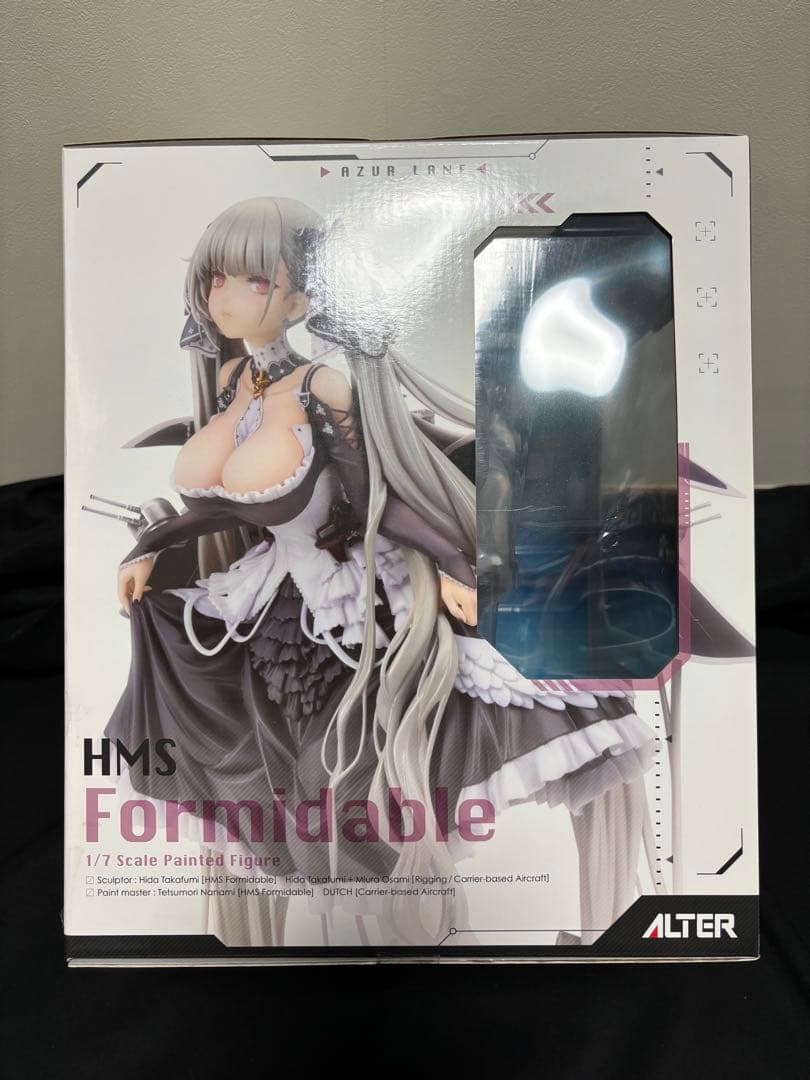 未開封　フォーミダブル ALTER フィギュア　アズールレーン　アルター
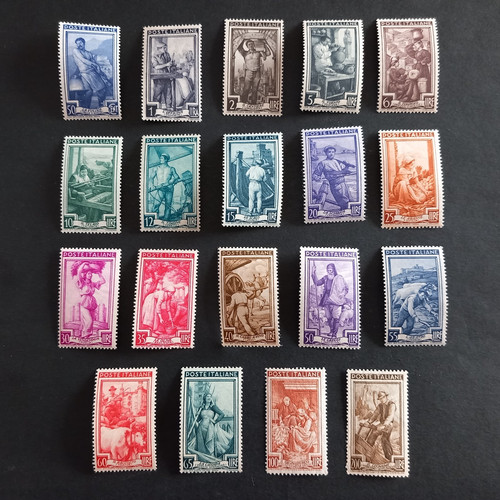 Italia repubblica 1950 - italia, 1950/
━━━━
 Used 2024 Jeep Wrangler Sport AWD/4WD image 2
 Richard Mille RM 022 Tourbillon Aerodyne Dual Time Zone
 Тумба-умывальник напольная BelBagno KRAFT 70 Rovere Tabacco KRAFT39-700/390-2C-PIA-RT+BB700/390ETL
━━━━
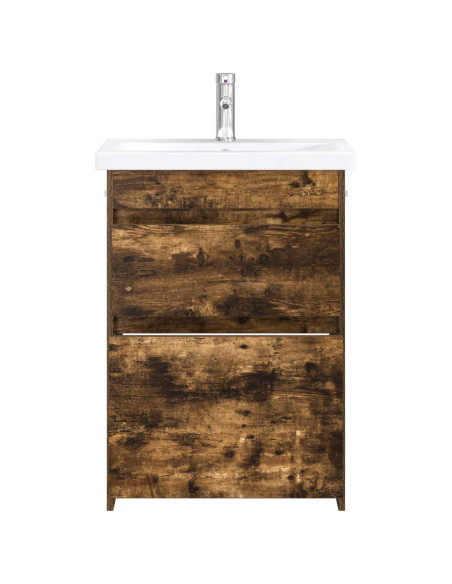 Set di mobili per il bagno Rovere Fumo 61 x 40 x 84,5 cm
━━━━
_TASK TO CARRY OUT_
Above this task is a listing. Restate, word for word and with nothing added, the lines from the one with "Used 2024 Jeep" through the one with "Тумба-умывальник напольная BelBagno".

_YOUR SOLUTION_
 Used 2024 Jeep Wrangler Sport AWD/4WD image 2
 Richard Mille RM 022 Tourbillon Aerodyne Dual Time Zone
 Тумба-умывальник напольная BelBagno KRAFT 70 Rovere Tabacco KRAFT39-700/390-2C-PIA-RT+BB700/390ETL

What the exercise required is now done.